Kılıçdaroğlu'ndan grup toplantısında çok sert eleştiriler
CHP Genel Başkanı Kemal Kılıçdaroğlu, partisinin TBMM Grup Toplantısı'nda konuştu.
Kılıçdaroğlu'nun konuşmasından satır başları;
"Hergün şehitlerimiz geliyor. 20 Temmuz darbesinden sonra bir OHAL KHK'sı ile, az önce partimize katılan yarbay Mehmet Alkan ordudan atıldı. Kardeşi şehit olan bir subay KHK ile ordudan atılıyorsa, bütün şehit yakınlarına sesleniyorum, bu tabloyu içinize sindiriyor musunuz? Bu tabloyu içinize sindiremiyorsanız elinizi vicdanınıza koyup öyle oy kullanacaksınız.
Sadece ordudan atılmadı, pasaport verilmedi, emekli ikramiyesi verilmedi, kredi kartı bile verilmiyor. Sivil ölüme mahkum ediliyor. Bunları yapanın yatacak yeri yok.
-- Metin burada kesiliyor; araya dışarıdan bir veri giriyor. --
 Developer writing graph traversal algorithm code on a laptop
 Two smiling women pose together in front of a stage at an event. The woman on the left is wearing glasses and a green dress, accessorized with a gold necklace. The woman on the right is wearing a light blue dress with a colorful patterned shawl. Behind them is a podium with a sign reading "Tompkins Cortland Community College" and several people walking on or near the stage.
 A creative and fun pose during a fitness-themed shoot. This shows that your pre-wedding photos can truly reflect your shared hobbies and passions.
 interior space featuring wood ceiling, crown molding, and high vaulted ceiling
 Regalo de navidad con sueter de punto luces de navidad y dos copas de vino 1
Bu tablodan güç alanlar ne yapıyor. Herkesin gözü önünde iki gazimizi darp ediyorlar. Bu cesareti kimden alıyorlar, bu sorgulanmalı.
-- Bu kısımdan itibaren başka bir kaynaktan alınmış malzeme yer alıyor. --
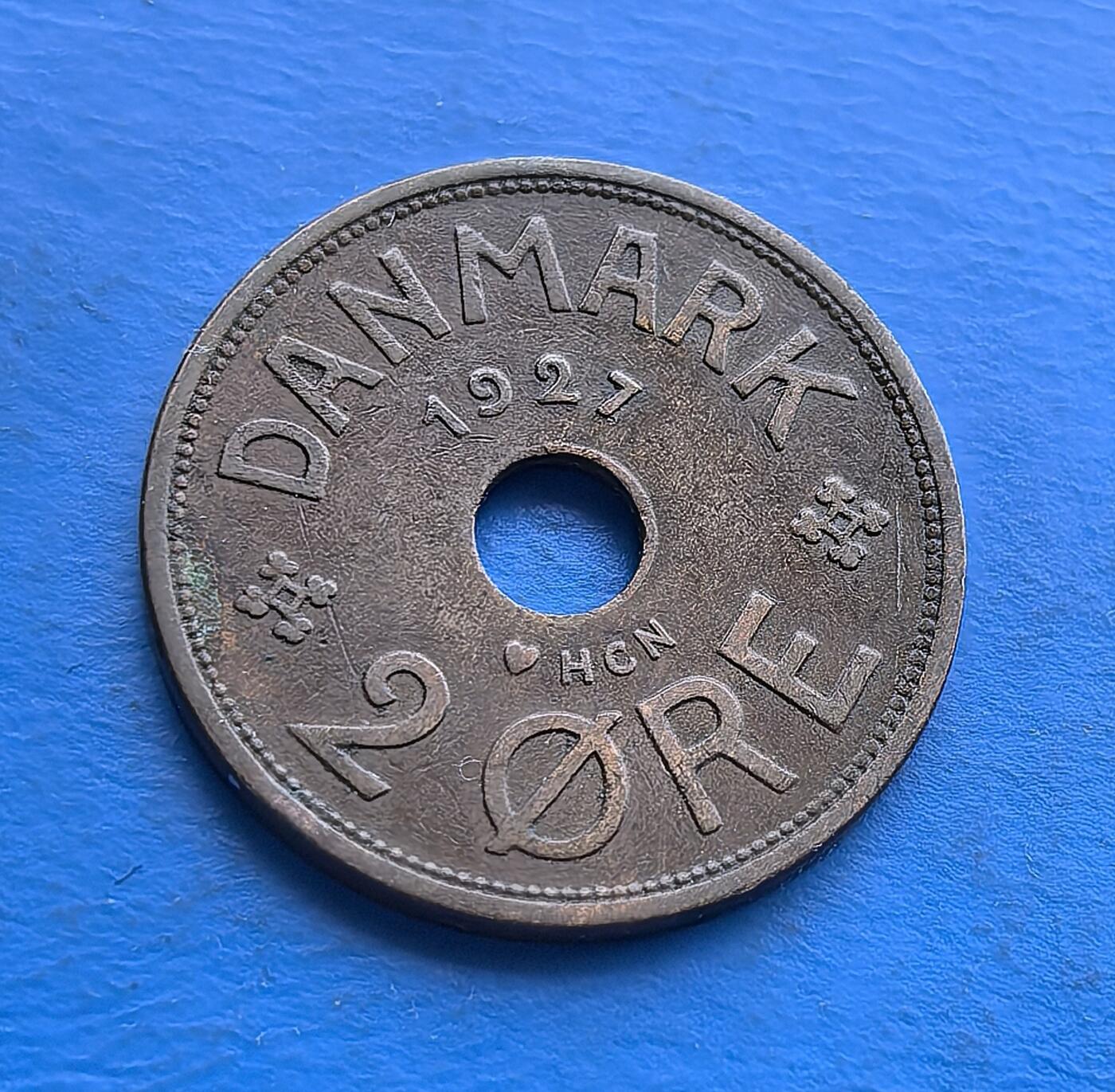 外国优质老铜币高银银币，周六九点倒数截拍，满百包邮，持续收拍 丹麦1927 年2 欧尔青铜圆孔币，发行于克里斯蒂安十世统治期（二战前和平阶段）。正面饰王室花押与皇冠，背面镌 “DANMARK”、年份及面值，圆孔设计独特。青铜包浆厚重，见证战前丹麦货币工艺，是北欧君主制钱币收藏的经典标的，承载早期王室货币的历史韵味 。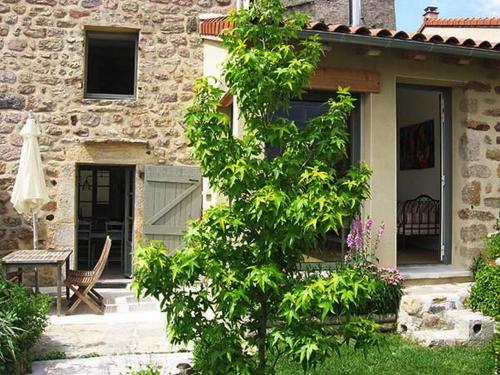 a tree in front of a house with a table at Gîte du Besset in Pradelles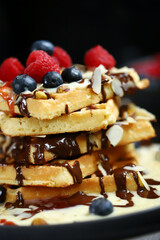 Dutch waffles with vanilla sauce, chocolate and berries.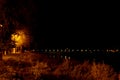 Panorama of the night city in the orange light of lanterns, bridge over the river, reflection of lights in the water Royalty Free Stock Photo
Havuz medyasından bir köşe yazarı gazilere şaklaban diyecek kadar aklını yitirmiş. Aslında kendisi bir şaklaban. Kimsin sen gazilere bunu diyorsun? Gazete sahibi ve diğer yazarlar ne yapacak çok merak ediyorum? Merak ediyorum, Başbakan, AK Parti'nin Genel Başkanı ne yapacak? Yeri geldiğinde bizi çok acımasızca eleştiriyorlar. Ne yaparlarsa yapsınlar biz gazilerimize sahip çıkacağız. Sevgili yarbayımız aramıza hoş geldiniz.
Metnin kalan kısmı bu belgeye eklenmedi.